É que, o preceito jurídico-internacional invocado, recebido in foro domestico com a publicação da Lei n.º 68/78, de 13 de Outubro, que o aprovou para ratificação (cf. o artigo 8º, n.º 2, da Constituição), nada diz que se não contenha já nos preceitos constitucionais pertinentes.
Por isso, à semelhança do que este Tribunal ponderou noutras ocasiões [ cf., entre outros, os acórdãos 440/87, 99/88, 149/88, 124/90, 186/92 e 322/93
(publicados no Diário da República, II série, de 17 de Fevereiro de 1988, 22 de Agosto de 1988, 17 de Setembro de 1988, 8 de Fevereiro de 1991, 18 de Setembro de 1992 e 29 de Outubro de 1993, respectivamente)] , tal preceito jurídico-internacional será aqui tomado em consideração apenas 'enquanto elemento coadjuvante da clarificação do sentido e alcance' do direito de propriedade, e não 'como padrão autónomo de um juízo de inconstitucionalidade'.

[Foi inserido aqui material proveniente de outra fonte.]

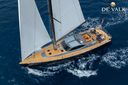 Nordia 70 Performance Cruiser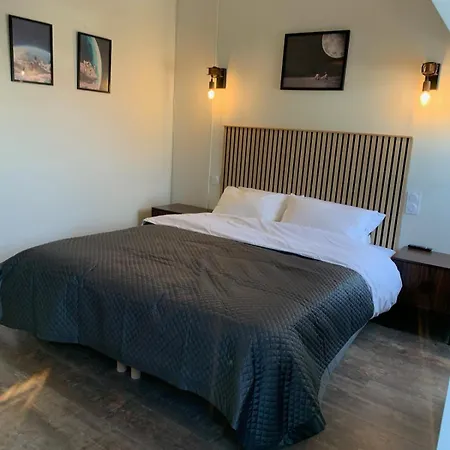 شقة Ohana De Charme Château-Gontier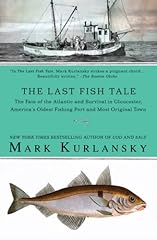 The last fish usato  Spedito ovunque in Italia 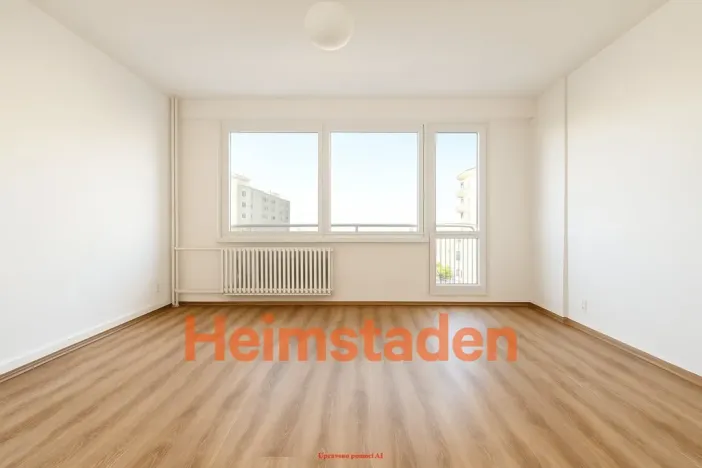 Pronájem bytu 3+1, Orlová - Lutyně, Ke Studánce, 73 m2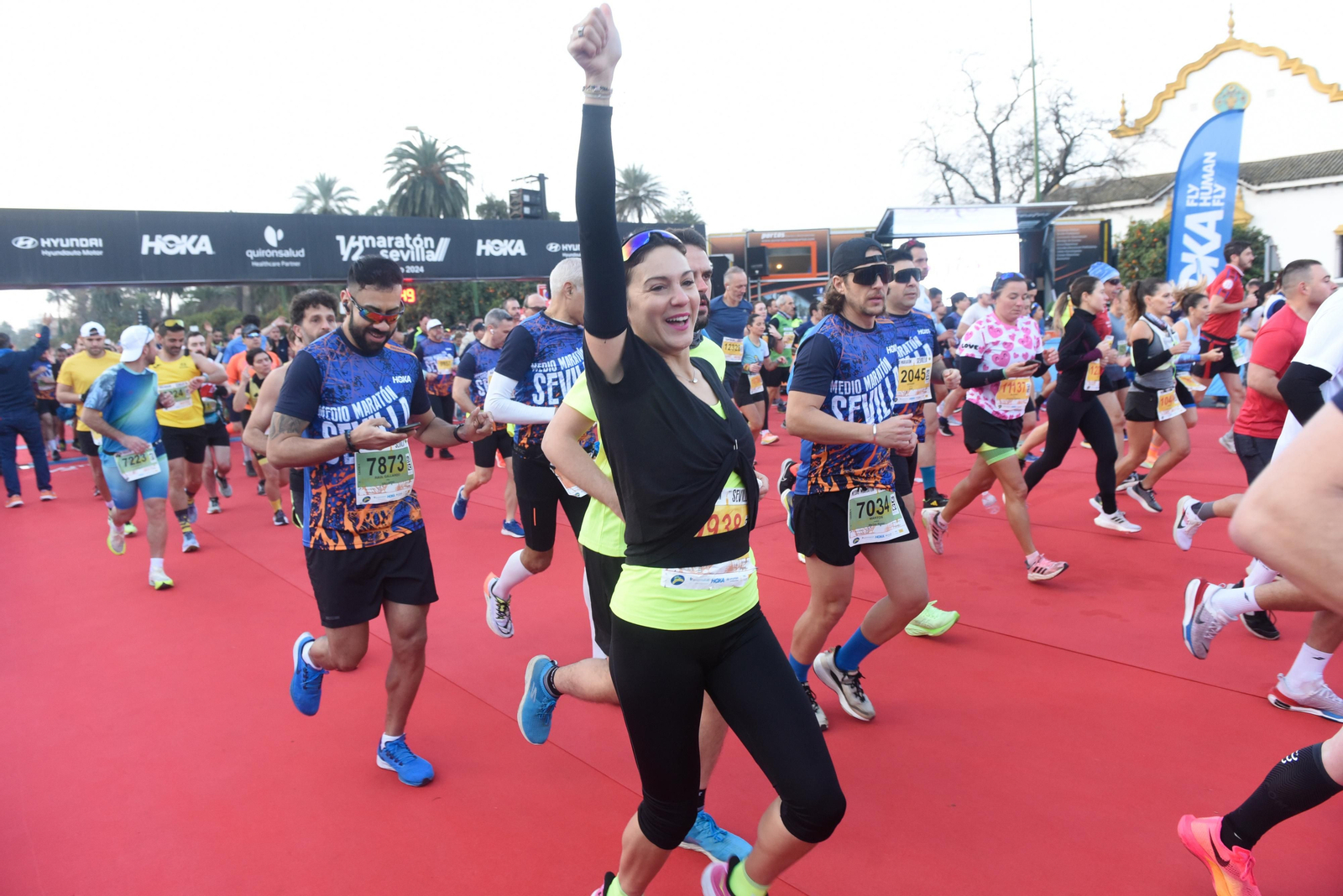 Búscate en la Media Maratón de Sevilla 2024, 3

Sempre se registará, no entanto, que o mencionado Protocolo n.º 1 foi aprovado para ratificação com a seguinte reserva: 'O artigo 1º do Protocolo não obsta a que, por força do disposto no artigo 82º da Constituição, as expropriações de latifundiários e de grandes proprietários e empresários ou accionistas possam não dar lugar a qualquer indemnização em termos a determinar por lei' (cf. o artigo 4º da citada Lei n.º 65/78). Esta reserva foi, no entanto, retirada posteriormente, pela Lei n.º 12/87, de 7 de Abril, que revogou aquele artigo 4º.

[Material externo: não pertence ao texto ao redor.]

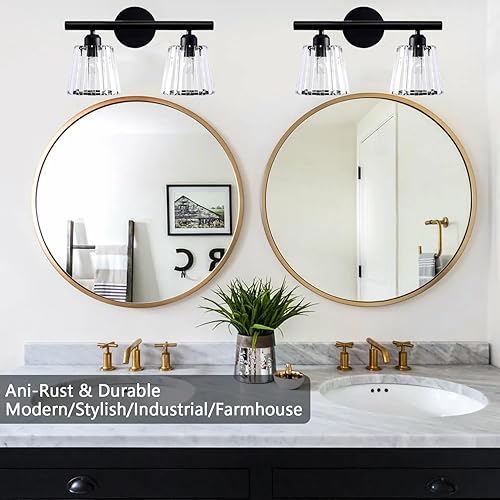 Miniatura 9 de Juego de dos lámparas de pared cromadas, aplique de pared con pantalla textil blanca acampanada, aplique de pared para interiores, accesorios de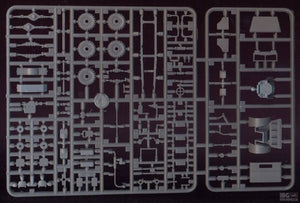 IBG 72017 Chevrolet C15A No.11 Cab Personnel Lorry 1/72 – zdjęcie 3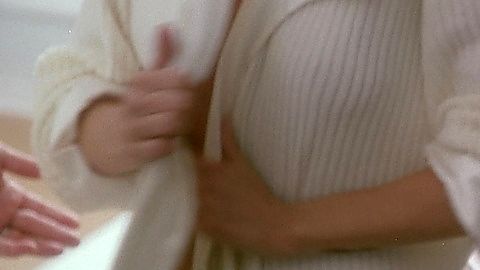 Pic: Linda Hoffman in The Dentist (1996)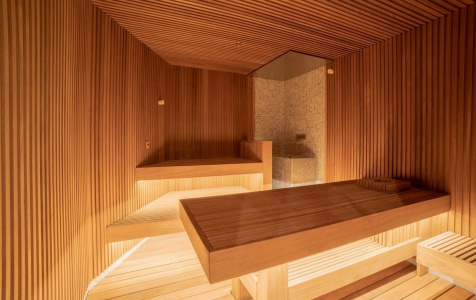 Отель LUCIANO Hotel & SPA Sochi (Лучано Спа Сочи), фото - 24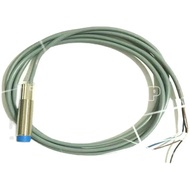 1PC Suis Kehampiran TS-12M-5NK Suis Sensor Suis Sensor Logam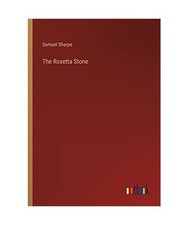 The Rosetta Stone, Sharpe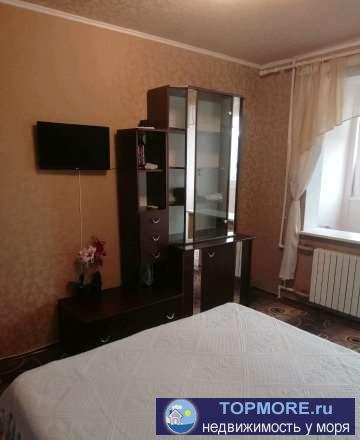 Сдам 1 комнат.квартиру со всем необходимым для комфортного проживания. Квартира расположена в шаговой доступности от... - 2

4.2. Também no propósito de demonstrar que a norma sub iudicio viola o artigo
62º da Constituição, afirmam os recorrentes que, ainda que os preceitos invocados pelo acórdão n.º 76/84 deste Tribunal (publicado no Diário da República, II série, de 11 de Fevereiro de 1985), 'perfilhado sem reservas pelo acórdão sob recurso', 'alguma coisa significassem em abono da tese do acórdão' - ou seja: em abono da conclusão de que a norma constante do artigo 47º da Lei n.º
68/78, de 16 de Outubro, não é inconstitucional -, a verdade é que se trata de
'preceitos em grande parte desaparecidos ou modificados', que já hoje não podem
'ser invocados na forma que ostentavam na altura, por força do disposto no artigo 290º da Constituição, necessariamente aplicável a todas as situações passadas, presentes e futuras, já que não é admissível em qualquer caso que haja leis vinculativas contrárias à Constituição em vigor'.

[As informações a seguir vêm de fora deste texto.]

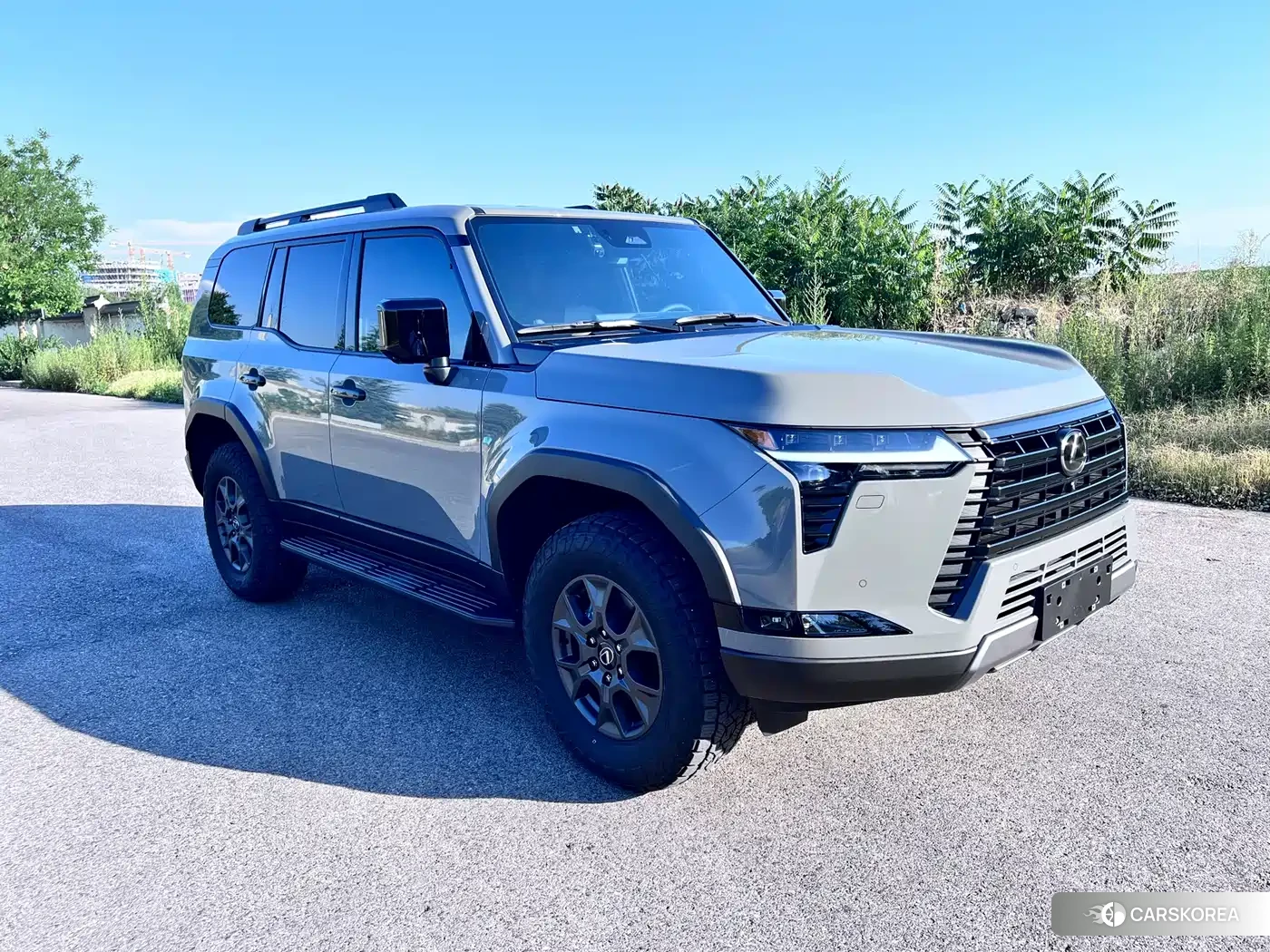 Lexus GX id 4622586 из Китая 13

Há-de convir-se que a invocação do artigo 290º da Constituição - que dispõe que
'as leis constitucionais posteriores a 25 de Abril de 1974 não ressalvadas neste capítulo são consideradas leis ordinárias, sem prejuízo do disposto no número seguinte' (n.º 1) e que 'o direito ordinário anterior à entrada em vigor da Constituição mantém-se, desde que não seja contrário à Constituição ou aos princípios nela consignados' (n.º 2) - não faz sentido. De facto, o referido aresto não se arrima a qualquer lei constitucional posterior a 25 de Abril de 1974, mas à Constituição de 1976. E, por outro lado, a Lei n.º 68/78, de 16 de Outubro, cujo artigo 47º aqui está sub iudicio, não é, obviamente, direito ordinário anterior à entrada em vigor da Constituição.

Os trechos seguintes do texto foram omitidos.